▶ **WORK TO BE COMPLETED**:
What you return should be the full listing, word for word, without a single image.
══ GIVEN DATA
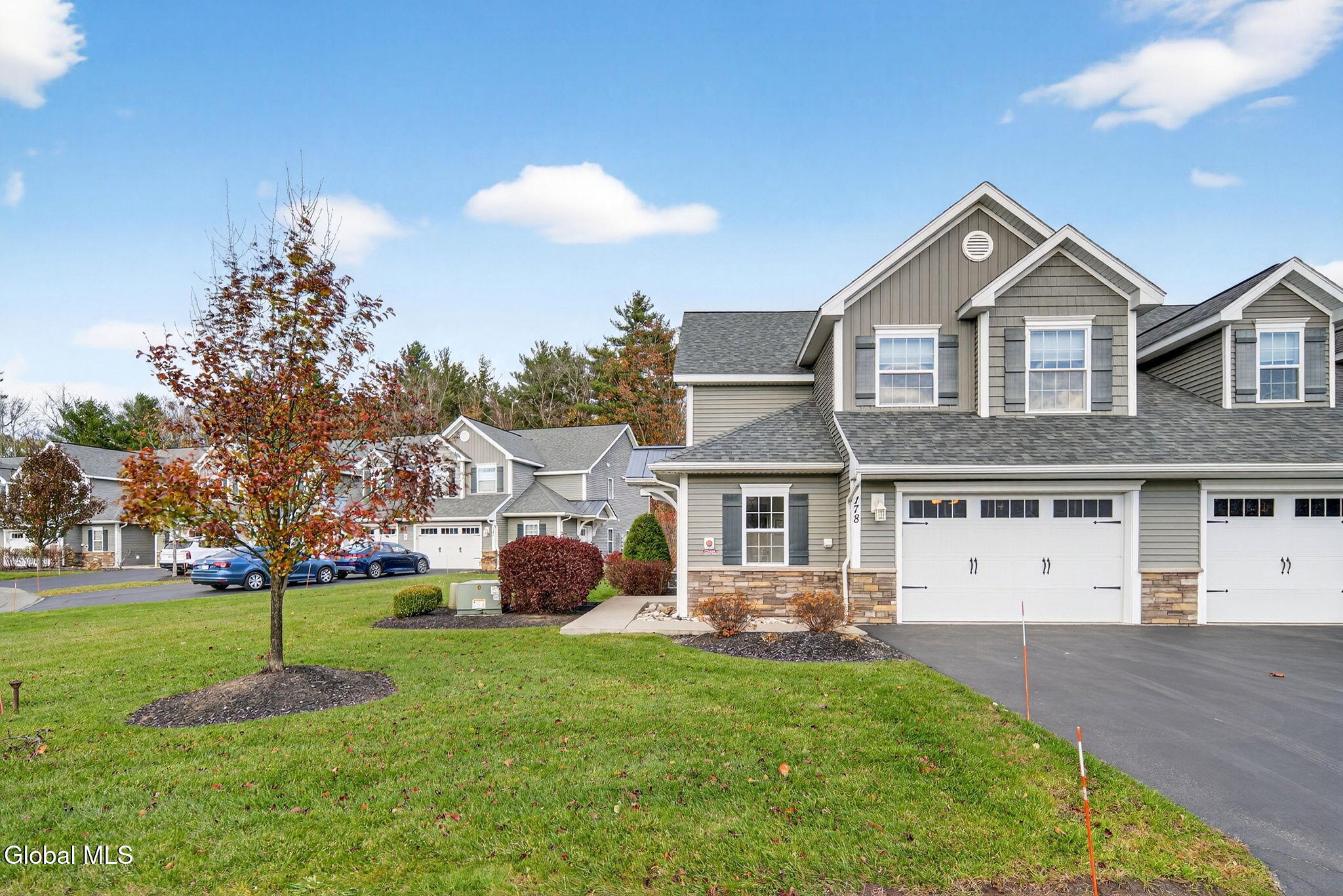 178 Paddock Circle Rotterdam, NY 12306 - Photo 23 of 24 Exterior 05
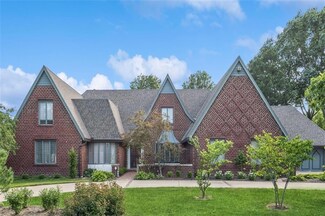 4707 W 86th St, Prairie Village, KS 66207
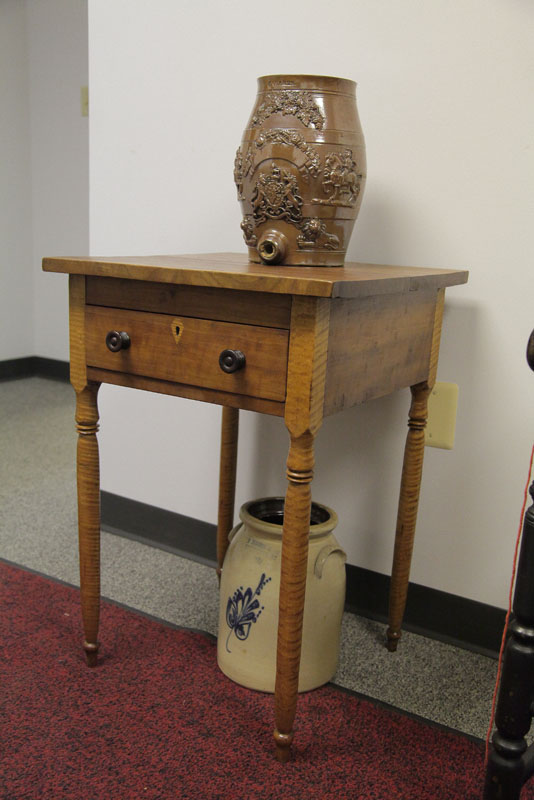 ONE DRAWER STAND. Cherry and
════
▶ **TASK OUTPUT**:
 178 Paddock Circle Rotterdam, NY 12306 - Photo 23 of 24 Exterior 05
 4707 W 86th St, Prairie Village, KS 66207
 ONE DRAWER STAND. Cherry and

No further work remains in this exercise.